To communicate a message the company’s means of communication have to change. Regarding television advertisements, longer spots and fewer commercial breaks increase the impact of the message (Rotfeld 2006). Non-advertising parts of the marketing mix are another solution to the problem of clutter (Ray and Webb 1986).

Further, the problem of message reach compounded by audience fragmentation, which is defined as the division of audiences into small groups due to the wide spectrum of media outlets. Due to cable television consumers have access to a huge number of television stations. These television stations must not be in the same location of the audience. The increasing choice offers the viewers to watch multiple times as many television stations as in the past, resulting in a smaller audience size per station.
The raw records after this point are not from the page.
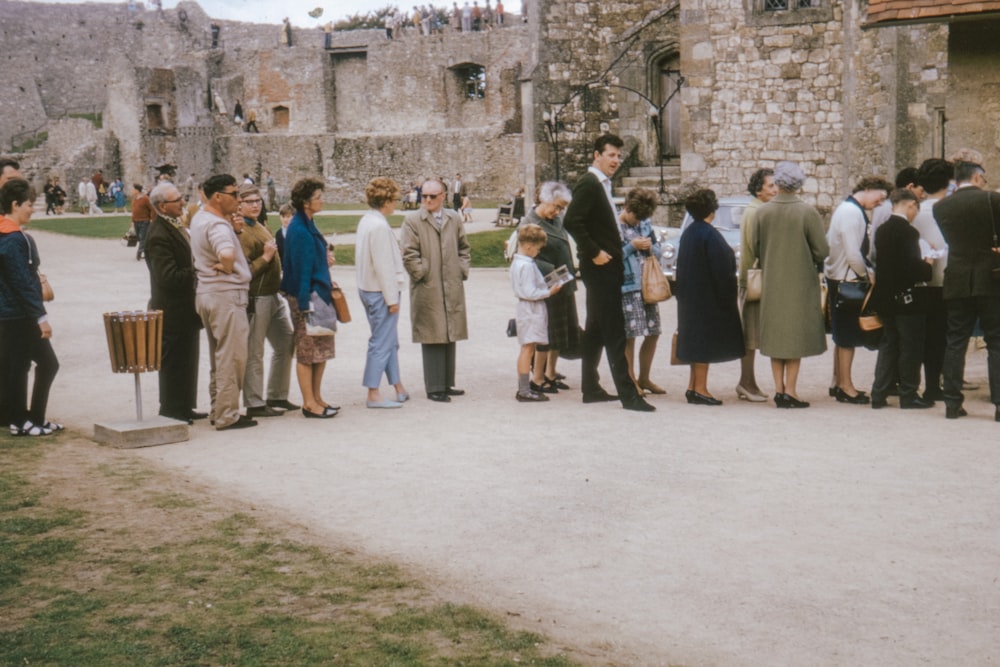 group of people standing on green grass field during daytime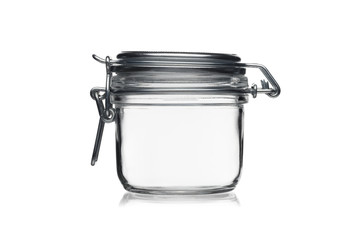 Empty glass jar for food storage isolated on a white background.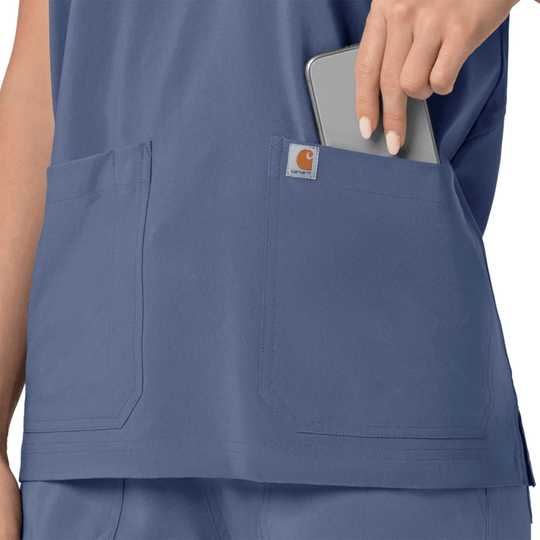 Blue scrub top with large front pockets and a small Carhartt logo label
Audience fragmentation becomes a problem for advertisers that need larger audiences due to cost-effectiveness (Audience fragmentation 2000).

2.3 Ambush Marketing

As mentioned before, ambush marketing is a term of non-traditional marketing communications. Ambush marketing is used by organizations for reasons outlined. First, companies use it to avoid clutter. Second, they apply ambush marketing to deal with fragmentation. Third, ambush marketing allows them to avoid high costs of promotion such as sponsorship. The following will explain ambush marketing and show how it and its tactics can by classified. Further, it gives reasons why companies use it and finally explains the forms of ambush marketing.
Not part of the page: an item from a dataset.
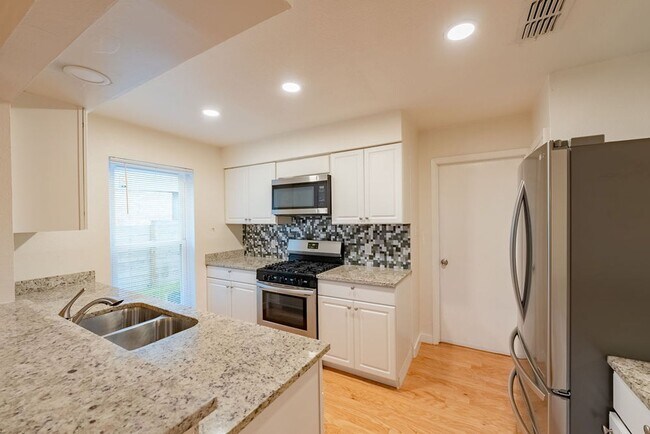 Building Photo - South Austin Sanctuary: Elevated Living, Urban Comfort, Premier Location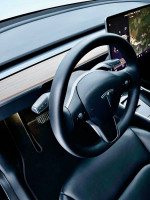Interior view of a 2021 Tesla Model Y showing the steering wheel and dashboard features.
2.3.1 Ambush Marketing and its Classification

Ambush marketing is a form of guerrilla marketing. Both terms have their origins in warfare. Top managers and executives use military strategies, goals and ideology. Furthermore, universities take up this trend and use military terminology and principles (Assael, Reed and Patton 1997; Garsombke 1988). This is due to the fact that the war analogy delivers a strategic language and builds strategic thinking (Desmond 1997). Jay Conrad Levinson is commonly referred to as the inventor of guerrilla marketing. When asked what guerrilla marketing is, he notes that he is "referring to the soul and essence of guerrilla marketing which remain as always – achieving conventional goals, such as profits and joy, with unconventional methods, such as investing energy instead of money” (Levinson 2005, p.1). The analysis of the term “Guerilla Marketing” gives a more specific understanding. In military terms, guerrilla warfare “is one of the initial phases of warfare and will develop continuously until the guerrilla army in its steady growth acquires the characteristics of a regular army” (Guevara 1961, p.13). Here we see that guerrilla warfare is a phase in the strategy for achieving victory. “It is one strategic instrument used to inflict defeat on our enemy” (Mao Tse-tung 1937, p.50). Strategic decisions are long-term in nature. Considering this in the context of marketing, guerrilla marketing is a strategic choice in the early stages of a company, applicable until the company has reached a size to invest in more conventional marketing strategies. This is supported by the military objective of guerrilla warfare. “At the outset, the essential task of the guerrilla fighter is to keep himself from being destroyed” (Guevara 1961, p.15). In the beginning of a business, the entrepreneur has to fight with limited means. The established company’s chance to avoid competition is to destroy the new competitor in its early stages. The entrepreneur keeps himself from being destroyed by using unconventional ideas. This also complies with the maximization principle, where the entrepreneur has to maximise the result from his fixed funds or limited monetary resources.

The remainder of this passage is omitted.